§ Task details
Return every line of the listing, exactly as it reads.

§ Record set
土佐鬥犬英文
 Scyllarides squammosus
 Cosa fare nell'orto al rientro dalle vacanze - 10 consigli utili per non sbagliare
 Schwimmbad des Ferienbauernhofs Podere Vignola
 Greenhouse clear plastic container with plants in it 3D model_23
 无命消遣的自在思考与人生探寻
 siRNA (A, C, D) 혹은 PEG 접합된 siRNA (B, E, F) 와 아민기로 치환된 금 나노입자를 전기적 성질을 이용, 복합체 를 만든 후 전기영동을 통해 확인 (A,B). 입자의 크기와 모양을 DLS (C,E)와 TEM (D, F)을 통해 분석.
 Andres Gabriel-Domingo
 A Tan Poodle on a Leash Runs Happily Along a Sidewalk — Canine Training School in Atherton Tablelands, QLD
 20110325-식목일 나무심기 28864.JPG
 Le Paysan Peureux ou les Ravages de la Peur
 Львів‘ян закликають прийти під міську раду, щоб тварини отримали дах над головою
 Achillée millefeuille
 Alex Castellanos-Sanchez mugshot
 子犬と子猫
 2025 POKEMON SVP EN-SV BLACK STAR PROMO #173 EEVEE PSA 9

§ Solved problem
土佐鬥犬英文
 Scyllarides squammosus
 Cosa fare nell'orto al rientro dalle vacanze - 10 consigli utili per non sbagliare
 Schwimmbad des Ferienbauernhofs Podere Vignola
 Greenhouse clear plastic container with plants in it 3D model_23
 无命消遣的自在思考与人生探寻
 siRNA (A, C, D) 혹은 PEG 접합된 siRNA (B, E, F) 와 아민기로 치환된 금 나노입자를 전기적 성질을 이용, 복합체 를 만든 후 전기영동을 통해 확인 (A,B). 입자의 크기와 모양을 DLS (C,E)와 TEM (D, F)을 통해 분석.
 Andres Gabriel-Domingo
 A Tan Poodle on a Leash Runs Happily Along a Sidewalk — Canine Training School in Atherton Tablelands, QLD
 20110325-식목일 나무심기 28864.JPG
 Le Paysan Peureux ou les Ravages de la Peur
 Львів‘ян закликають прийти під міську раду, щоб тварини отримали дах над головою
 Achillée millefeuille
 Alex Castellanos-Sanchez mugshot
 子犬と子猫
 2025 POKEMON SVP EN-SV BLACK STAR PROMO #173 EEVEE PSA 9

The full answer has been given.